Custody Battle — There’s been a lot of talk of “anchor babies” lately. While on a campaign visit to McAllen, Jeb Bush made some Donald Trump-esque comments about anchor babies in an attempt to defend his use of the derogatory term. Although Bush said the real anchor baby concern had more to do with Asians, Latinos weren’t fooled about the barbs’ directive. As the Texas Tribune reported on Tuesday, and now making it to Fox Latino, “The Mexican government is warning that Texas’ denial of birth certificates for U.S. children born here to undocumented immigrants stands to imperil the relationship between Mexico and the Lone Star State. As the Tribune noted, “At issue is the refusal by county registrars’ offices to accept the parents’ foreign passports as a valid form of identification without a valid U.S. visa or consular identification card. The families claim the state has violated the 14th Amendment’s Equal Protection Clause by rejecting the documents, and is also violating the Supremacy Clause by enforcing federal immigration laws.” In its amicus brief “the Mexican government is requesting that Texas be clear about what two forms of ID it will accept in order to give the children U.S. birth certificate.”

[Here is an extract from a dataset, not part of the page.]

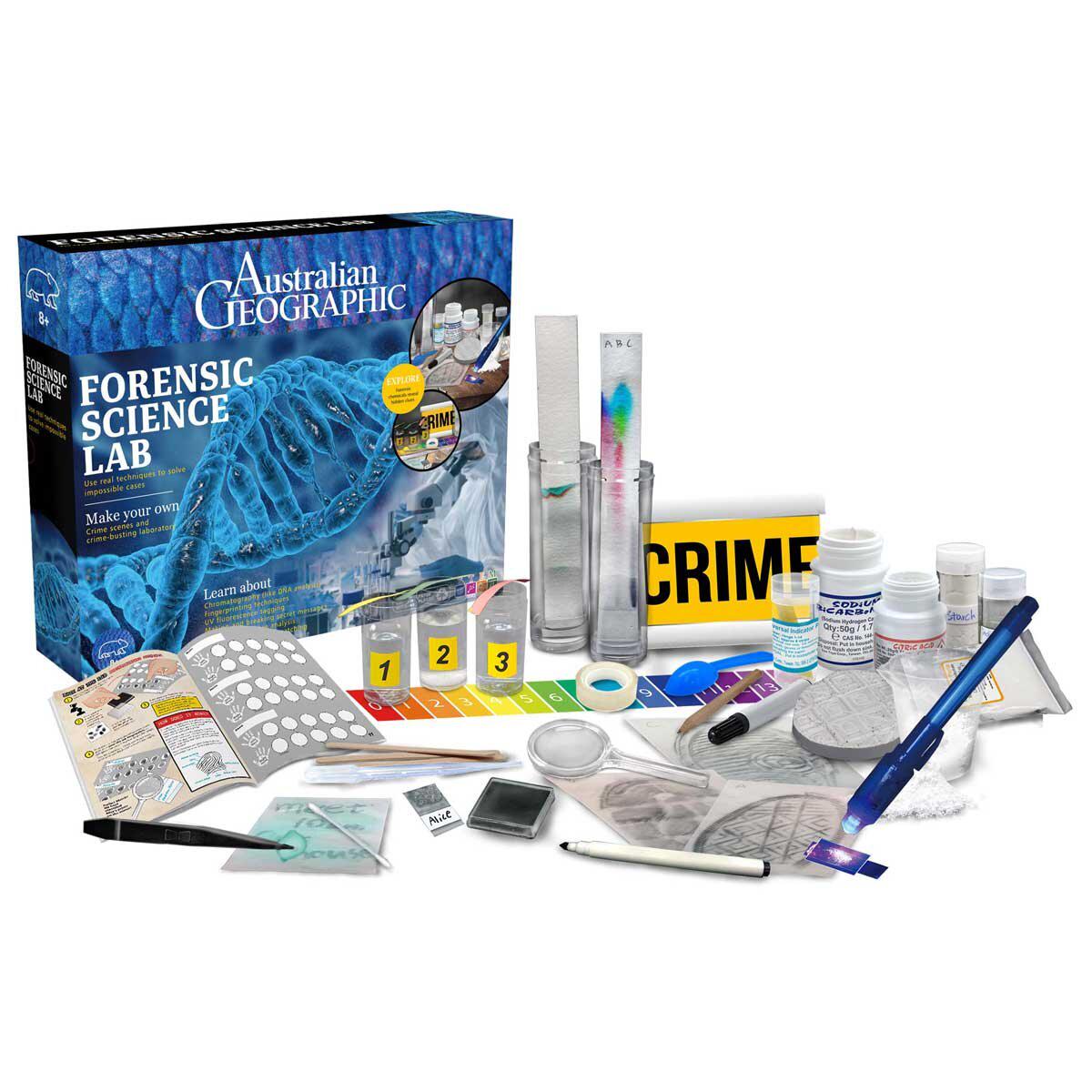 Australian Geographic Science Kit Forensic Science Lab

Ten Million Shades of Green — If there’s going to be a terribly written best seller, at least everyone involved should get a slice of the pie. Following a decision last month regarding Fifty Shades of Grey, a judge ruled that an Arlington woman was entitled to about $10.7 million for her “interest in the e-publishing business that originally released” the steamy read, according to a Wednesday story from the Fort Worth Star-Telegram. That ruling came after a decision from a Tarrant County jury earlier this month, which agreed that Jennifer Podroza and her Australian associate were, indeed, “partners in The Writer’s Coffee Shop, which started out as an online blog in 2009, along with Waxahachie resident Jennifer McGuire. Visitors went to the fan-based website and wrote ‘fan fiction’ stories,” one of which turned into FSOG. In last month’s verdict, “the jury did not set a dollar amount, but attorneys representing Pedroza and Hayward said during a court hearing Wednesday that forensic accountants determined that Pedroza’s 25 percent interest in the $41 million earned by the book was worth roughly $10.7 million.” That’s not the official amount, however, as attorneys will still need to work out their fees and interest into the final total. Because then there’s nothing hotter or in-demand than a lawyer who’s into financial BDSM.